No, but I have always done well fishing at the warm water discharge at York Haven. Unless of course Brunner Island is the name of the place I am not sure.  Are you fishing from shore or a boat?


----------



## Captain Ahab (Jan 16, 2008)

From shore - York Haven is the same place


----------



## Jim (Jan 16, 2008)

Good luck man! Hope you catch some big ones!


----------



## alumacraftjoe (Jan 16, 2008)

Good Luck!


----------



## Waterwings (Jan 16, 2008)

Good Luck! Catch a bunch!


----------



## bAcKpAiN (Jan 16, 2008)

The key is finding the right temp water, sometimes it is right at the discharge, and sometimes it is out past the tip of the island. Good luck! Last time I was out there the warm water was off so it wasn't all that great for us shore anglers. There was a guy in a boat who was killing them though.


----------



## jkbirocz (Jan 16, 2008)

Cheater :wink: Good Luck


----------



## little anth (Jan 17, 2008)

good luck man.


----------



## Paul (Jan 22, 2008)

Hey everyone...My name is Paul, and this is my first post here. Great site! I was reffered from nicdicarlo, and also know a few others on here.

Dave... its Paul aka wheretheyat, from the other forum... how did you end up making out @ Brunners?
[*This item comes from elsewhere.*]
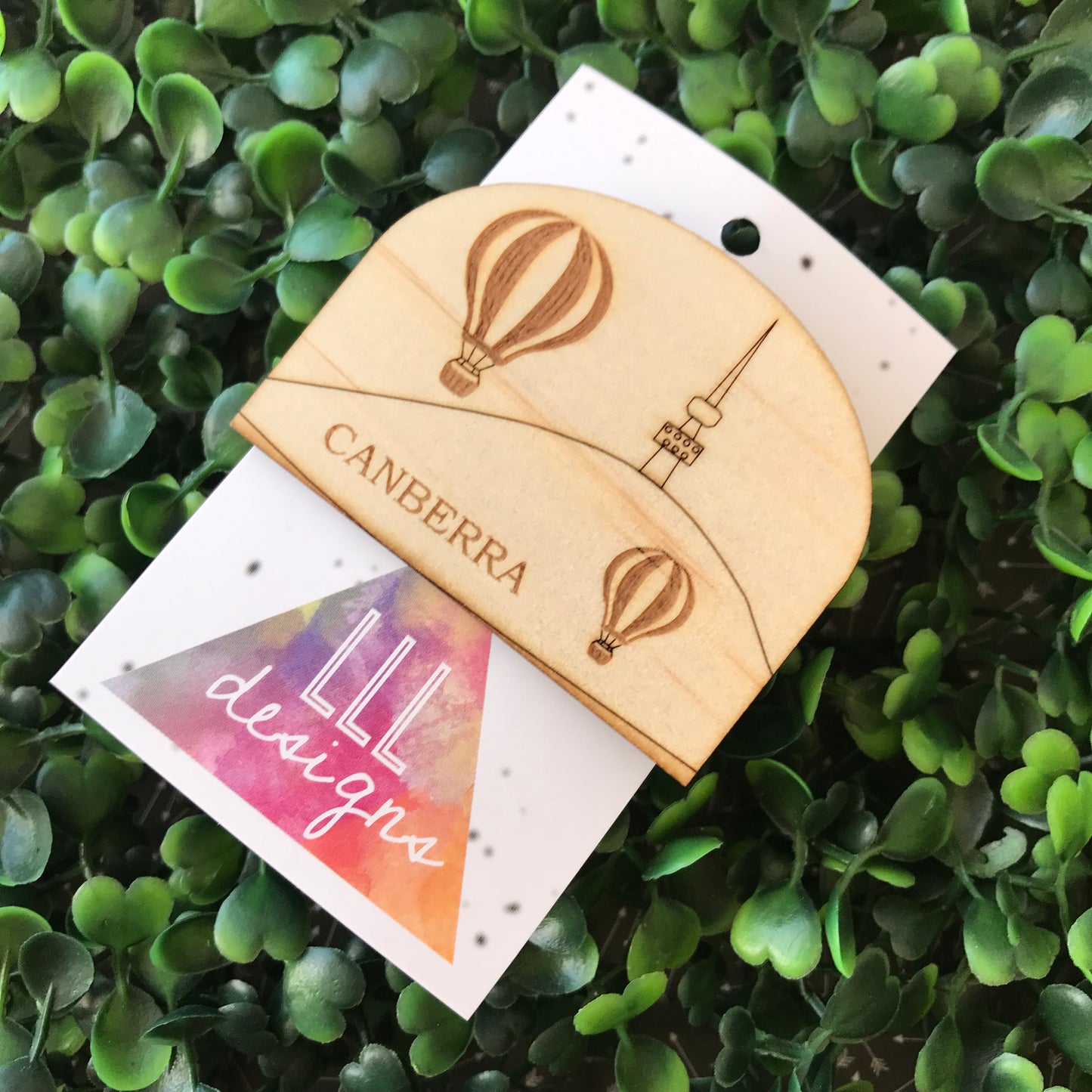 Canberra Black Mountain - Hot Air Balloon Timber Brooch. Telstra Tower Brooch.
I will be going back up sometime this week...


----------



## Jim (Jan 22, 2008)

Paul said:


> Hey everyone...My name is Paul, and this is my first post here. Great site! I was reffered from nicdicarlo, and also know a few others on here.
> 
> Dave... its Paul aka wheretheyat, from the other forum... how did you end up making out @ Brunners? I will be going back up sometime this week...



Hi Paul,
Thanks for joining!  I hope you like it here.


Jim


----------



## BassAddict (Jan 22, 2008)

Paul said:


> Hey everyone...My name is Paul, and this is my first post here. Great site! I was reffered from nicdicarlo, and also know a few others on here.
> 
> Dave... its Paul aka wheretheyat, from the other forum... how did you end up making out @ Brunners? I will be going back up sometime this week...



Hey Paul welcome


----------



## Waterwings (Jan 22, 2008)

Welcome Aboard, Paul!


----------



## nicdicarlo (Jan 22, 2008)

Whats up Paul. This is a good site. Dave, how was Brunners? I need a different job so I can get in on these weekday expeditions.


----------



## Captain Ahab (Jan 22, 2008)

Welcome aboard Paul - glad you joined.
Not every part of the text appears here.